価格予測が一転、「DRAMpocalypse」が現実に
2026年第1四半期のDRAM価格動向について衝撃的な発表がありました。TrendForceは2月、従来予測の55-60%から90-95%へと大幅な上方修正を発表しました。特にPC DRAM契約価格は前四半期比100%超の上昇が予想されており、これは過去最大の四半期上昇記録となります。
さらに重要なのは、サーバーDRAM価格も1Q26に60%超の上昇が見込まれていることです。これは情シス担当者にとって、年度予算の前提条件が根底から変わることを意味します。
なぜここまで急激な価格上昇なのか?
AI需要による構造的な供給不足
Samsung、SK hynix、Micronの大手3社がAI向けHBMメモリに生産リソースを集中投下。これによりスマートフォンやPCの一般向けメモリの供給が削減されています。

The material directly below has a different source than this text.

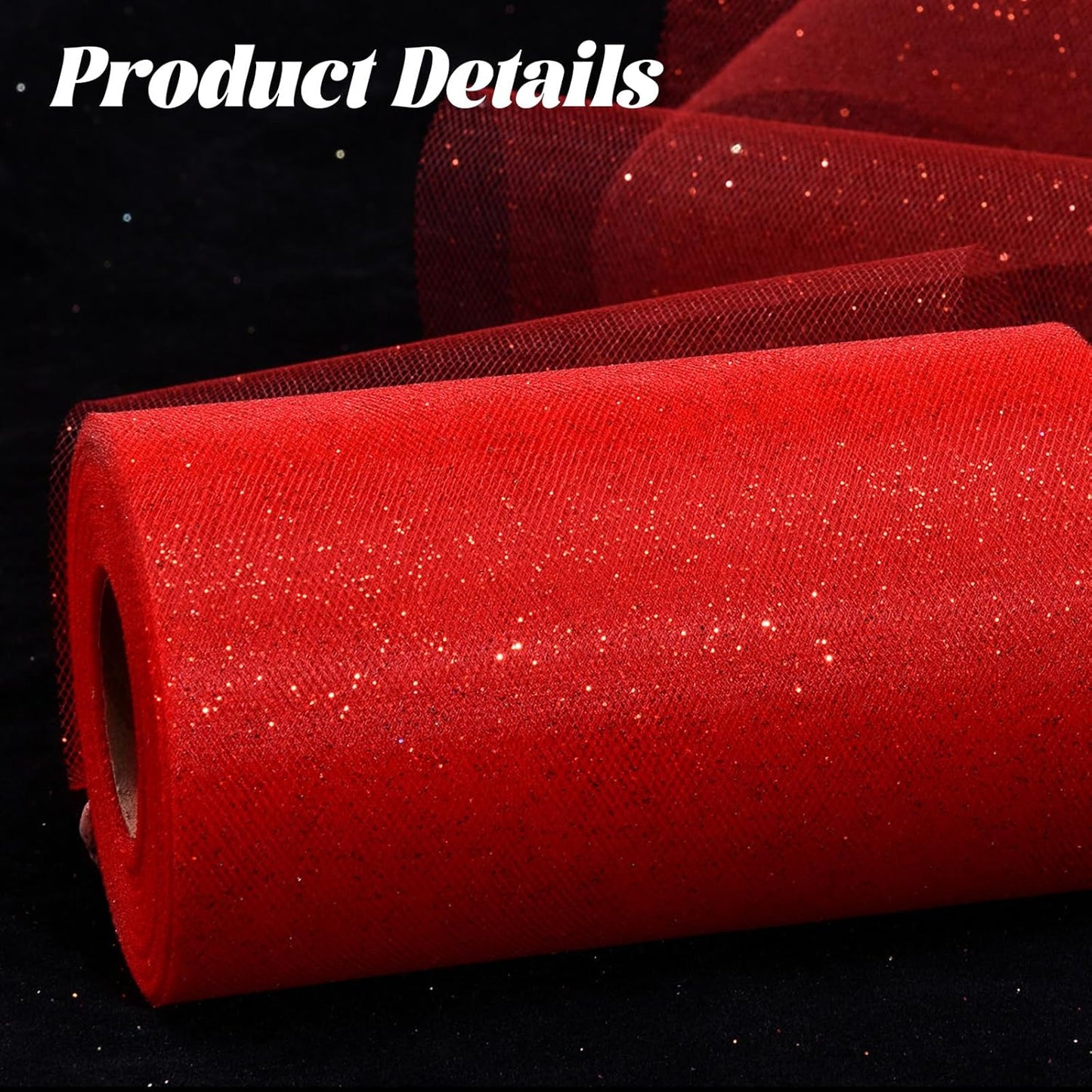Glitter Tulle Rolls 6” by 50 Yards Sparkle Tulle Fabric Ribbon Sequin Tulle Netting Rolls for DIY Tutu Skirt Wedding Birthday Party Decoration (Red)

SK hynixは2026年まで全生産能力が「完売」状態と発表しており、他メーカーも同様の状況に近づいていると報告されています。
PC出荷好調による意外な需要増
2025年第4四半期のPC出荷が予想を上回り、PC DRAM不足が深刻化。大手PC OEMも在庫レベルが急速に低下している状況です。これによりAI需要だけでなく、従来の企業PCリプレース需要も価格を押し上げる要因となっています。
企業のIT調達への具体的影響
サーバー調達コストが2倍に
Counterpoint Researchの分析では、企業データセンターで広く使用されるDDR5 64GB RDIMMモジュールが2026年末までに2025年初頭の2倍の価格になる可能性があります。

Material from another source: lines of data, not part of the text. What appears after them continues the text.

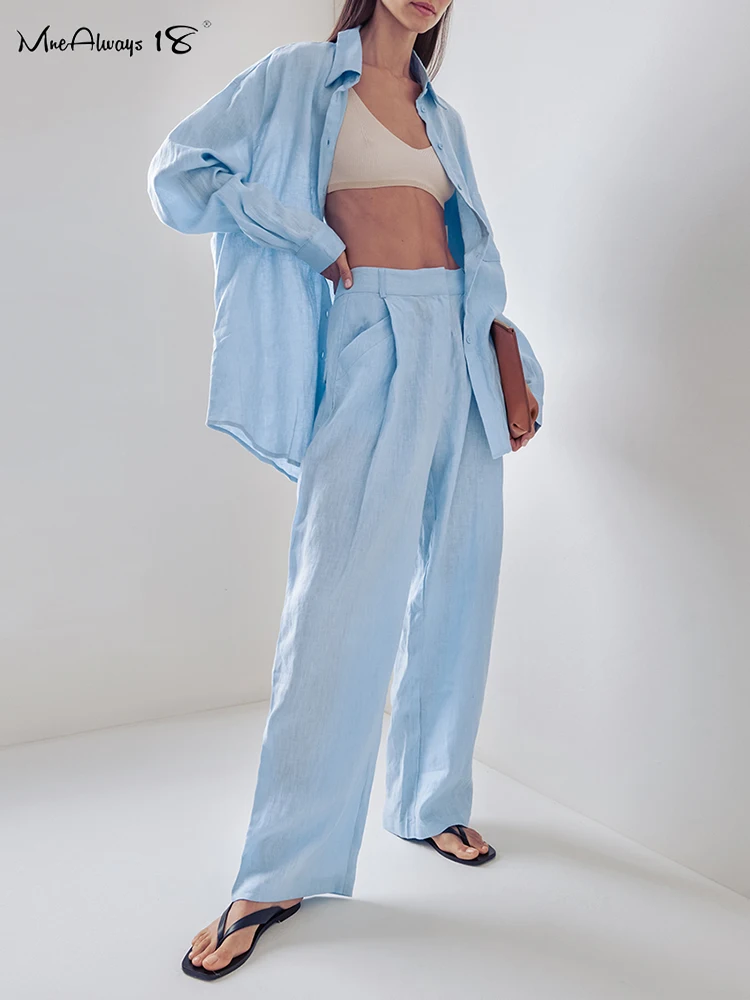 

Mnealways18 Blue Casual Cotton Linen Pants Sets Office Ladies Pleated Two Pieces Suits Summer Autumn 2024 Oversize Outfits Women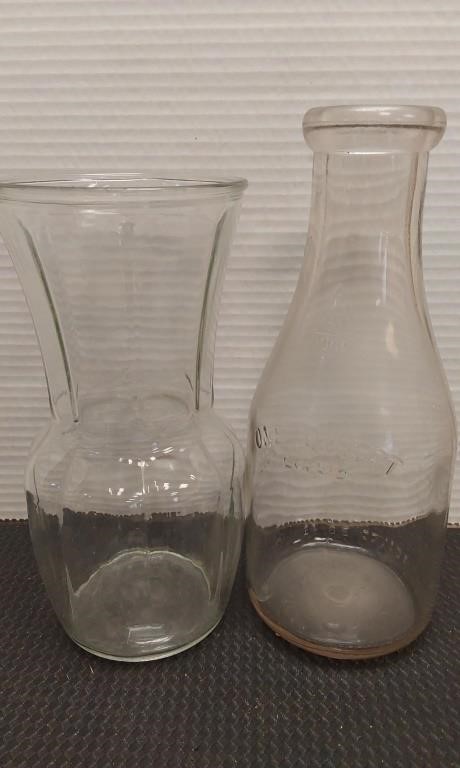 Vintage glass milk bottle and vase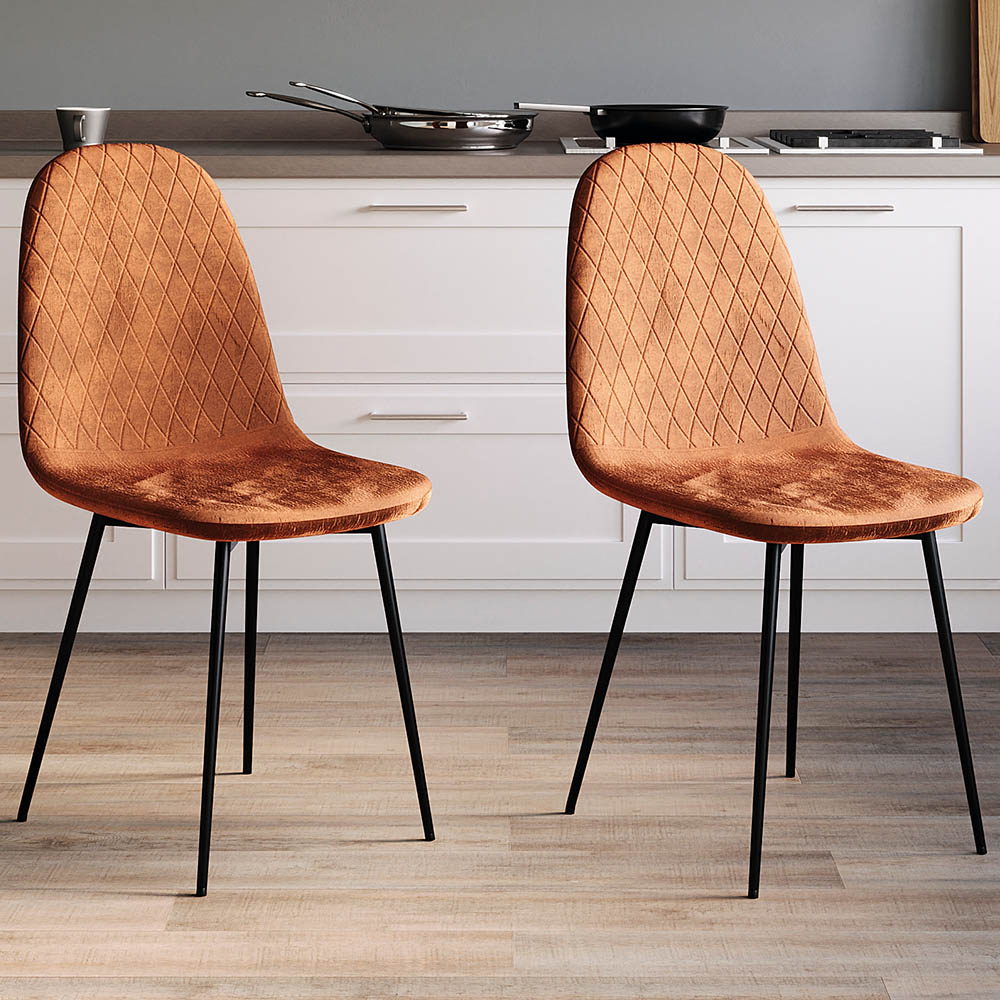 Vida Designs Luton Set of 2 Orange Dining Chairs Image 1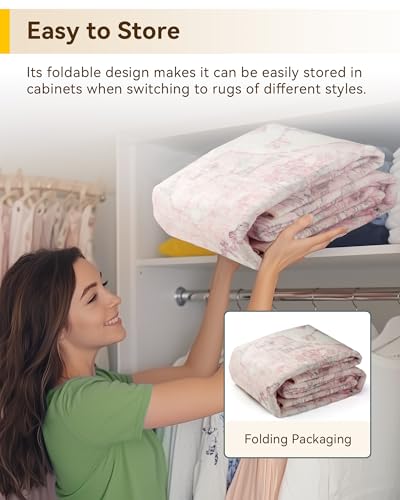 Image of RELEANY Washable Area Rug, 8'x10', Pink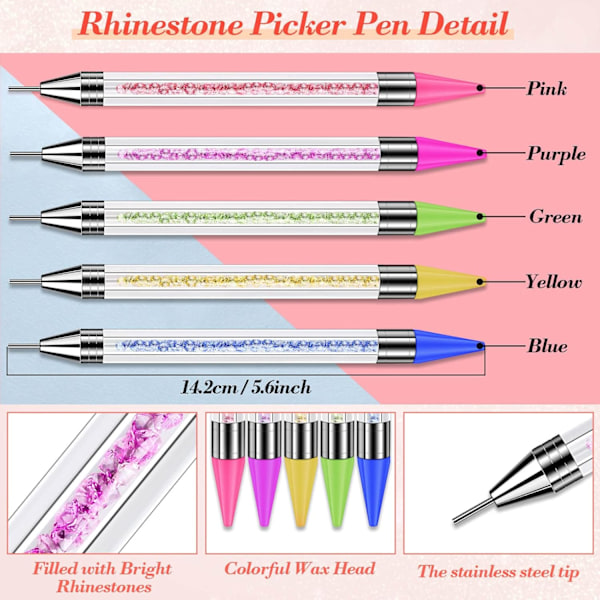 5 stk Rhinestone Point Pen, Dobbelt Hoved Rhinestone Gem Crystal Stu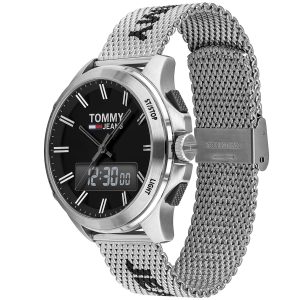 1791765 tommy hilfiger watch men black dial stainless steel metal silver mesh strap quartz digital analog dual time jeans 3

具体的な価格変動では、Samsung製32GB DDR5モジュールは9月の149ドルから239ドルへと60%上昇しており、今後さらなる上昇が予想されます。
調達リードタイムの大幅延長
供給逼迫により、特定のDDR5モジュールサイズや希望ベンダーでの納期が大幅に延長。プロジェクト遅延、代替品受け入れ、スポット価格での調達を迫られるケースが急増しています。
中堅企業への特に深刻な影響
ハイパースケールクラウドプロバイダーは長期契約で供給を確保する一方、中堅企業は短期契約と在庫調達に依存するため、より高いコストと長い納期の二重制約に直面します。
今すぐ検討すべき3つの対策
1. 調達計画の前倒し実行
価格正常化を待つのは実行可能な戦略ではなく、リスクの高いギャンブルです。2026年度予定の設備投資を前倒しし、年度内の調達実行を強く推奨します。特にメモリ可用性が配信を遅延させる可能性のあるプロジェクトを特定し、配信時期まで待たずに調達タイミングを前倒しすべきです。
2. メモリ構成の標準化と代替品戦略
承認メモリ構成数を制限し、不足が発生する前に代替案(容量階層、モジュール種類、承認OEMオプション)を特定してください。RAMEXperts™️のような60万5,000品の取扱実績を持つDRAM専門調達パートナーとの連携により、代替品の早期確保が可能になります。
3. 段階的拡張によるリスク分散
大規模なRAM更新プロジェクトを段階に分割し、まず適切なベースライン、後に予算・需要・市場条件が整った段階での拡張を実施することで価格変動リスクを分散できます。
メモリ集約型アプリケーション(仮想化、データベース、AI、インメモリ分析)では、容量目標を複数段階で計画することが特に重要です。
長期的な市場見通し
DRAM価格は年内にピークを迎える見込みだが、正常値への回復は数年を要し、2028年まで高価格が継続する見通しです。この構造的な変化により、情シス部門は従来の「安くなるのを待つ」戦略から「必要な時に確実に調達する」戦略への転換が不可欠です。
今回のメモリ価格急騰は一時的な需給バランスの問題ではなく、AI需要による世界のシリコンウェハー生産能力の恒久的・戦略的再配分と捉える必要があります。情シス担当者は、これまでとは異なる調達環境に適応した新たな戦略構築が急務といえるでしょう。